> **ACTIVITY**:
The required output is the exact run of lines from the one that contains "8double1trouble6 Couple Chaturbate" to the end of the data, with every picture left out.
DATASET CONTENT Block Start
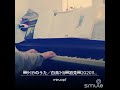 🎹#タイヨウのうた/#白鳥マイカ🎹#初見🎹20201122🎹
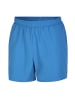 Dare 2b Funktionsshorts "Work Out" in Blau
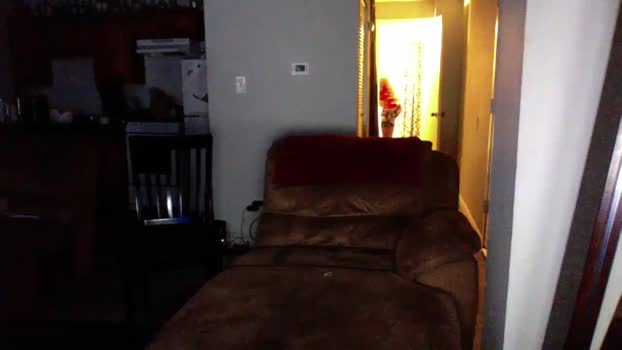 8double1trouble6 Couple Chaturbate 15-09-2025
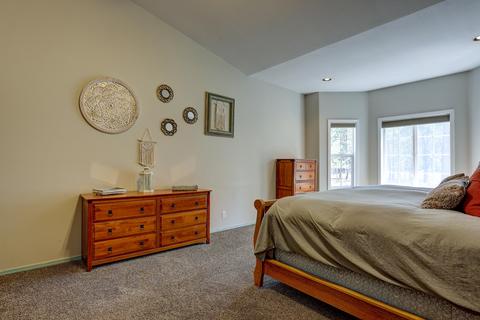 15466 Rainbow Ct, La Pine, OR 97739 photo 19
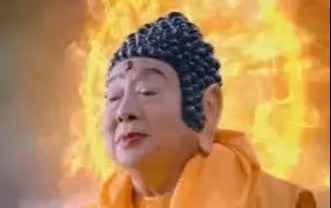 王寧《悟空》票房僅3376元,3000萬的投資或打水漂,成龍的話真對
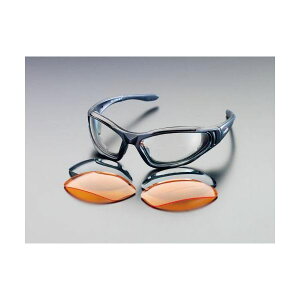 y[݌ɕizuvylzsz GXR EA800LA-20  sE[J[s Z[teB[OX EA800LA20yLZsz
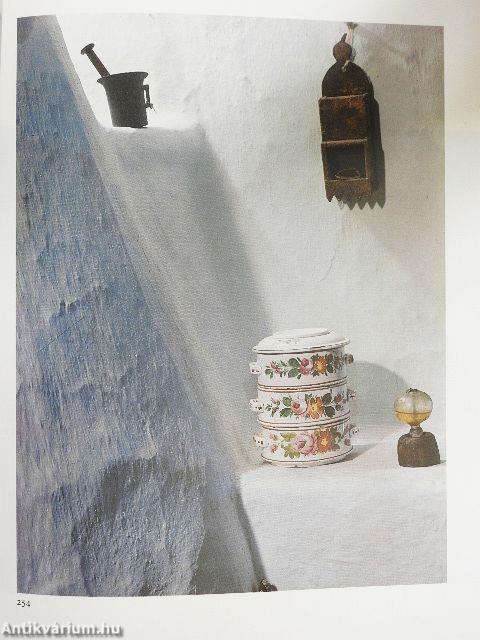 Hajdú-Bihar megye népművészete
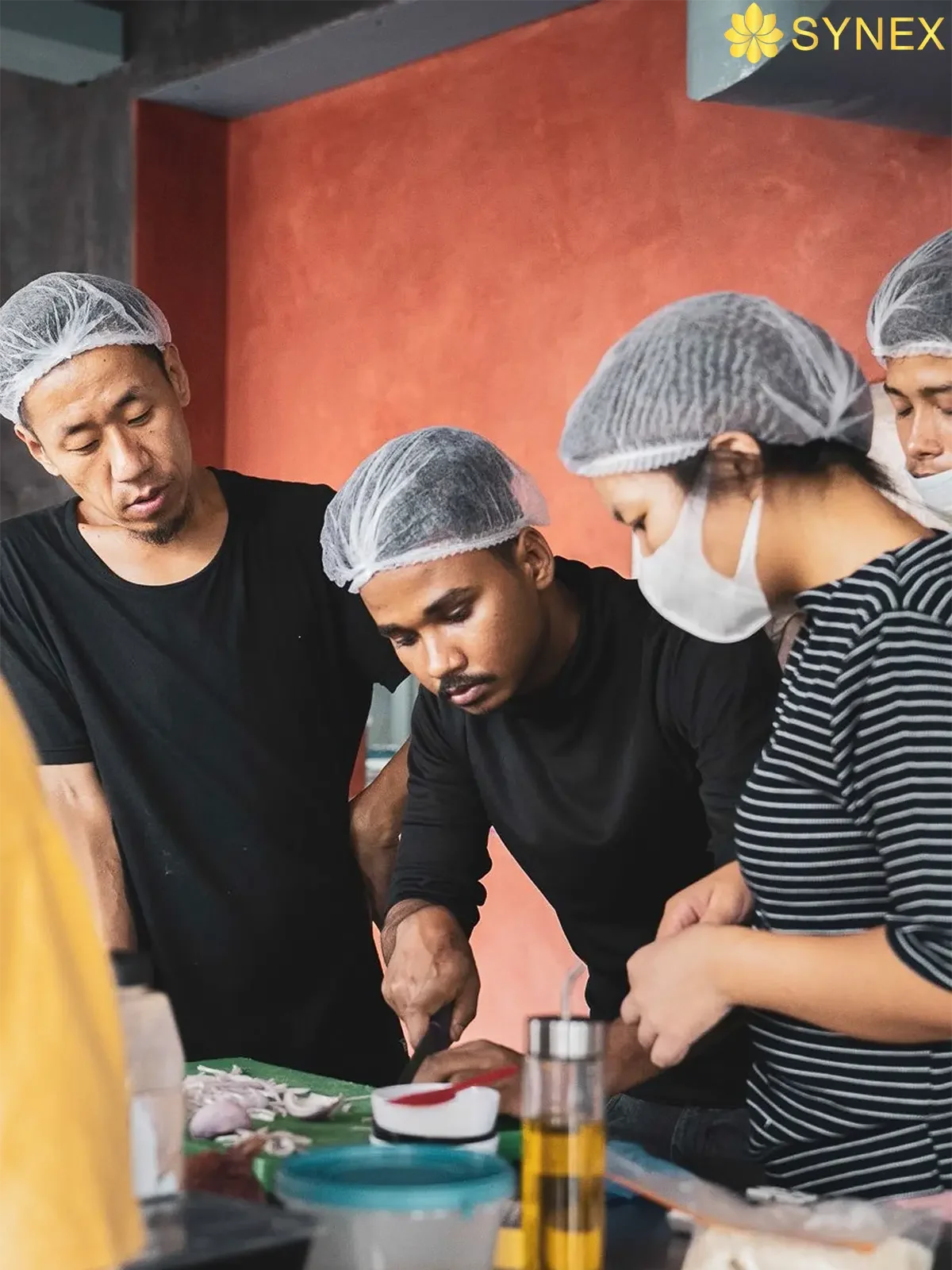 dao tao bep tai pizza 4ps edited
DATASET CONTENT Block End
> **WRITTEN RESPONSE**:
 8double1trouble6 Couple Chaturbate 15-09-2025
 15466 Rainbow Ct, La Pine, OR 97739 photo 19
 王寧《悟空》票房僅3376元,3000萬的投資或打水漂,成龍的話真對
 y[݌ɕizuvylzsz GXR EA800LA-20  sE[J[s Z[teB[OX EA800LA20yLZsz
 Hajdú-Bihar megye népművészete
 dao tao bep tai pizza 4ps edited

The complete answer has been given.